Stored data
====
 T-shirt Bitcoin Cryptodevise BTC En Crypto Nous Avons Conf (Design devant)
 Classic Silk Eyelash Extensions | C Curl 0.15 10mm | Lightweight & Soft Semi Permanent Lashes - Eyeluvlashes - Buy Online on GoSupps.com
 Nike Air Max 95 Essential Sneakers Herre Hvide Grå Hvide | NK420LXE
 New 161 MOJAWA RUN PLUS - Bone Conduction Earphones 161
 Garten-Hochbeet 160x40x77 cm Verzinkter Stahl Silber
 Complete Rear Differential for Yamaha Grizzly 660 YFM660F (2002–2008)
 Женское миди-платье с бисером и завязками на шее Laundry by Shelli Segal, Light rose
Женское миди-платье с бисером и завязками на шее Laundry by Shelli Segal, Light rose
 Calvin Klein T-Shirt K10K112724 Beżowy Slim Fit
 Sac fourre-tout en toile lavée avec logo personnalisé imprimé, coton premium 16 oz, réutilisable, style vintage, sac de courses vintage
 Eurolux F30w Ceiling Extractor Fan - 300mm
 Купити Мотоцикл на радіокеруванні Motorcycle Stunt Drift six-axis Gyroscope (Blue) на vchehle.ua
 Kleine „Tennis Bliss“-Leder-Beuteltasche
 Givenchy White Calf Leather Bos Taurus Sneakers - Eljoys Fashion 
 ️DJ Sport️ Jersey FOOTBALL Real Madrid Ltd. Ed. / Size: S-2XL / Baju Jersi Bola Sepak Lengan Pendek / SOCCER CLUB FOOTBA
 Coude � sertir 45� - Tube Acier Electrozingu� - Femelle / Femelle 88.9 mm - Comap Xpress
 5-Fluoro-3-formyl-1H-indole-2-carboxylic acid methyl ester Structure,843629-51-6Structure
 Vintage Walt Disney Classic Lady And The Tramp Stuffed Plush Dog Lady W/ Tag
====
Exercise prompt
Lines from the start of the entries through the one containing "Calvin Klein T-Shirt" are to be set down again exactly, both ends included.

Solved problem
 T-shirt Bitcoin Cryptodevise BTC En Crypto Nous Avons Conf (Design devant)
 Classic Silk Eyelash Extensions | C Curl 0.15 10mm | Lightweight & Soft Semi Permanent Lashes - Eyeluvlashes - Buy Online on GoSupps.com
 Nike Air Max 95 Essential Sneakers Herre Hvide Grå Hvide | NK420LXE
 New 161 MOJAWA RUN PLUS - Bone Conduction Earphones 161
 Garten-Hochbeet 160x40x77 cm Verzinkter Stahl Silber
 Complete Rear Differential for Yamaha Grizzly 660 YFM660F (2002–2008)
 Женское миди-платье с бисером и завязками на шее Laundry by Shelli Segal, Light rose
Женское миди-платье с бисером и завязками на шее Laundry by Shelli Segal, Light rose
 Calvin Klein T-Shirt K10K112724 Beżowy Slim Fit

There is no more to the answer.